Reputation: 35684
Is it possible to update collection A using data from collection B?
background: The goal of this is to get around lack of proper atomicity of mongodb. I'm looping through some log data to generate data aggregates and want to know that the data matches what was asked to be put in. Rather than doing a two phase commit, I would like to generate a batch write into a holding collection. When the collection is finished (for example after 10000 records or an entire file being read), a count of the documents from the the database is compared to the count that the application generated, if it matches, update the big collection with the temporary collection. At the beginning of next import clear the temporary collection. This way if the process gets interrupted at any time, the likelihood of it happening during the update phase would be lesser, and any error during the temporary collection population would be fixed automatically by wiping of temporary data and the process restarting on next startup.

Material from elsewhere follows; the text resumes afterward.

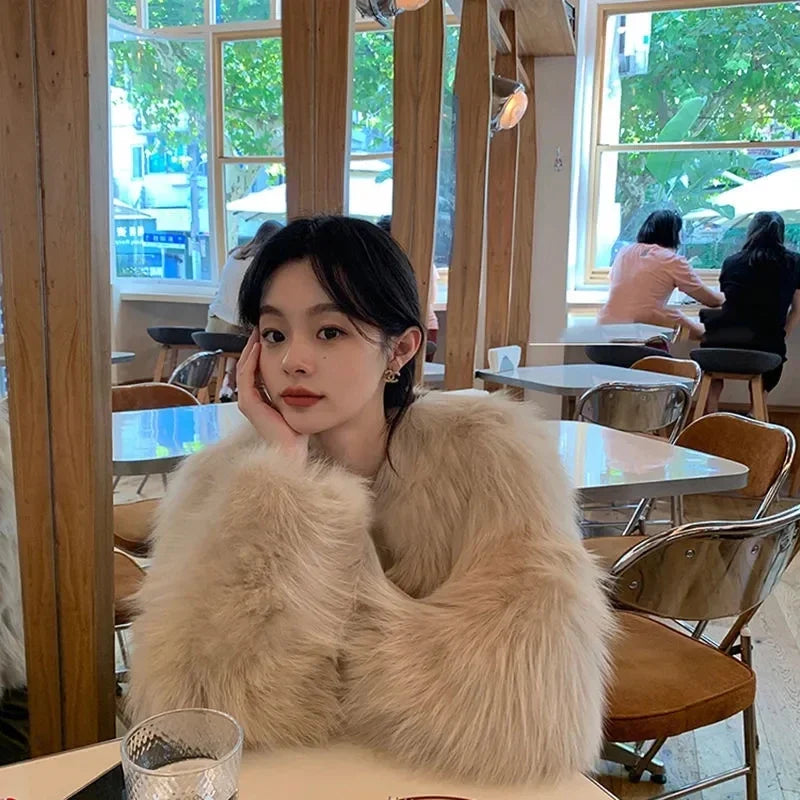 2026 New Winter Womens Faux Fur Coat Fashion Casual Imitation Fox Fur Jacket Short Loose Versatile Womens Fur Coats Top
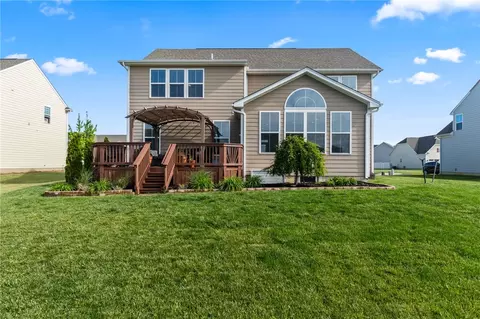 Exterior - 1148 Red Maple Dr, Troy, OH 45373 photo 16 of 16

Is it possible to update the main collection using the data from the temporary collection? Is this kind of update significantly faster than individual updates from the application?
update:
the data looks something like this(below) in both collections. I'm looking to merge the records that would find a matching document based on event
and month
or create a new one if one does not exist. it would then take the daily numbers and increment them. The idea is that the process that is updating the counts in the temporary collection gets updated once per record read, so each daily count is one write. When I have finished a batch, I would like to update the main collection with the content of the temporary collection, using a single mongodb command.
{
"event": "abc",
"month": "2012-04",
"daily": {
"1": 82,
"2": 6,
"3": 12,
"4": 23,
"5": 62,
...
}
}
Upvotes: 2
Views: 176
Reputation: 70
Here is throw at this from a noob.
From the info I got from your question. I would use a JS loop to work this out.

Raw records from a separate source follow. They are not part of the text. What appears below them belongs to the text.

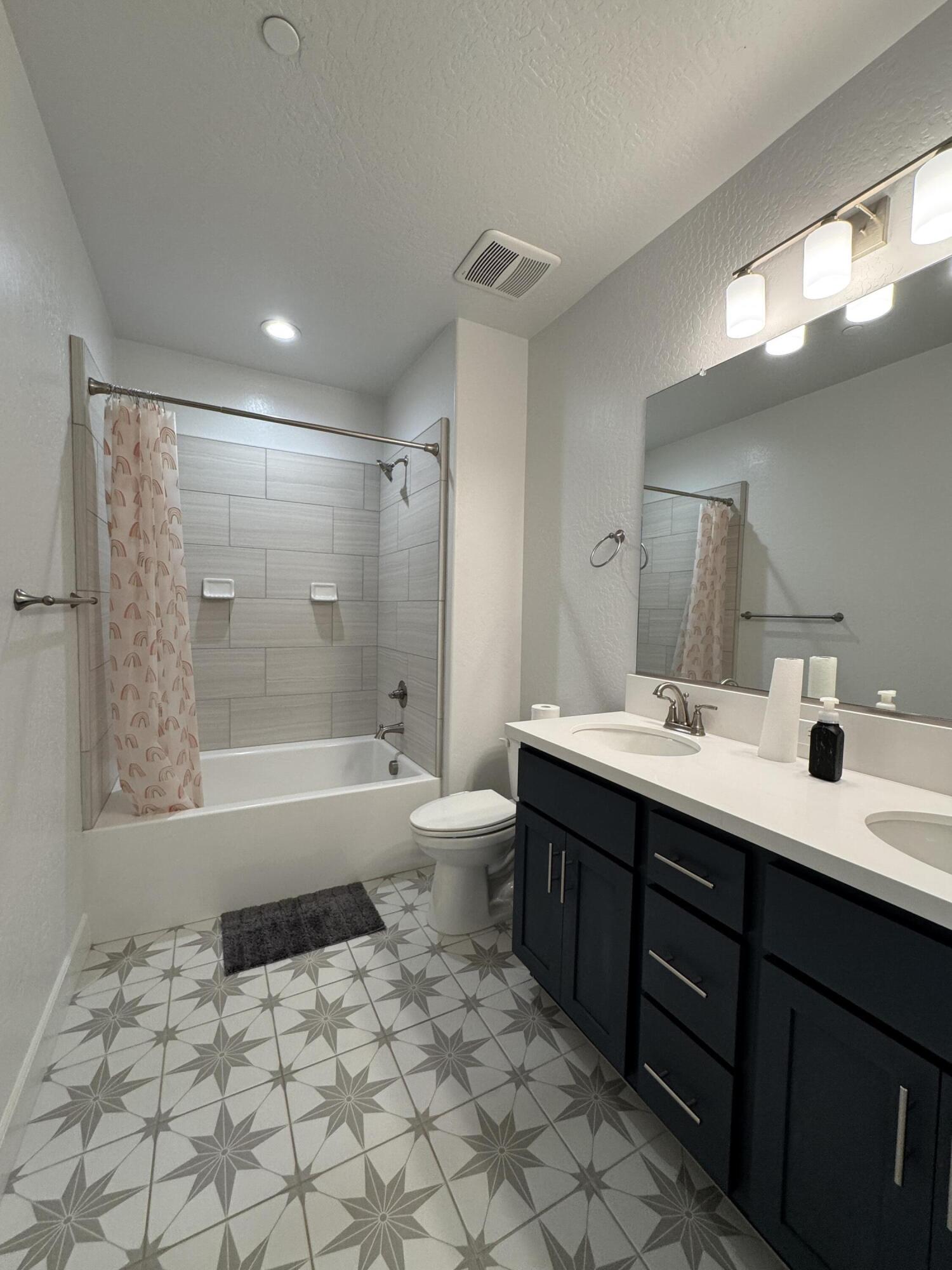 176 N Ocean Ct, Tulare, CA 93274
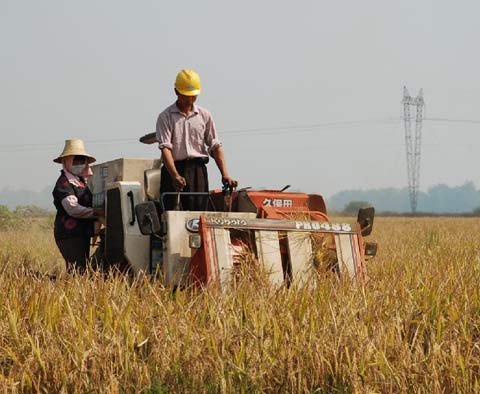 西豐農(nóng)業(yè)生產(chǎn)逐步進(jìn)入機械作業(yè)為主新時代.jpg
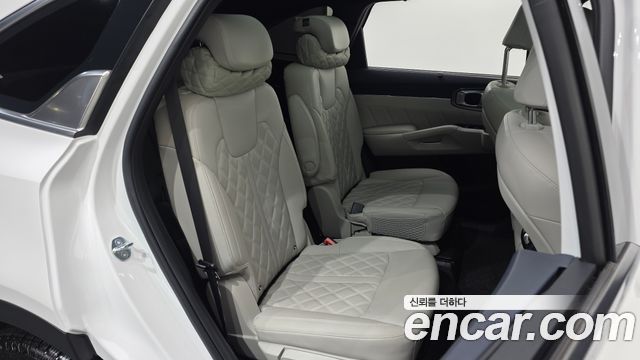 Kia Sorento 2023 — photo 18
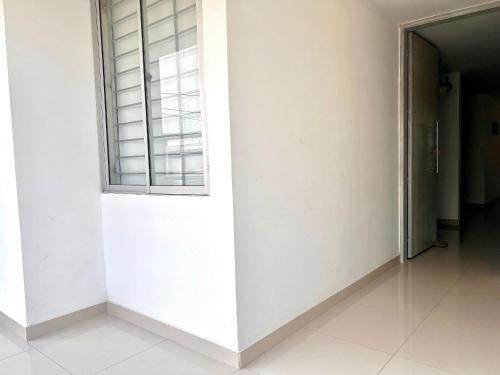 a white wall with a window in a hallway at Apartamento moderno en Callejas – cómodo y bien ubicado in Valledupar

Here is something that may use as a source.
db.collection_a.find().batchSize(10000).forEach(function(doc){
result = db.collection_b.findOne({'column_b': doc['column_a']});
if (result != null){
db.collection_a.update({'_id': doc['_id']},{
$set:{
'new_column_a': result['column_b']
}
})}
else {
print('Not found ' + doc['column_a'])
}
});
batchsize can be changed in the first function.
Then the _id will be updated. Lastly new column is added to the collection_a. Data is grabbed from collection b.
Upvotes: 2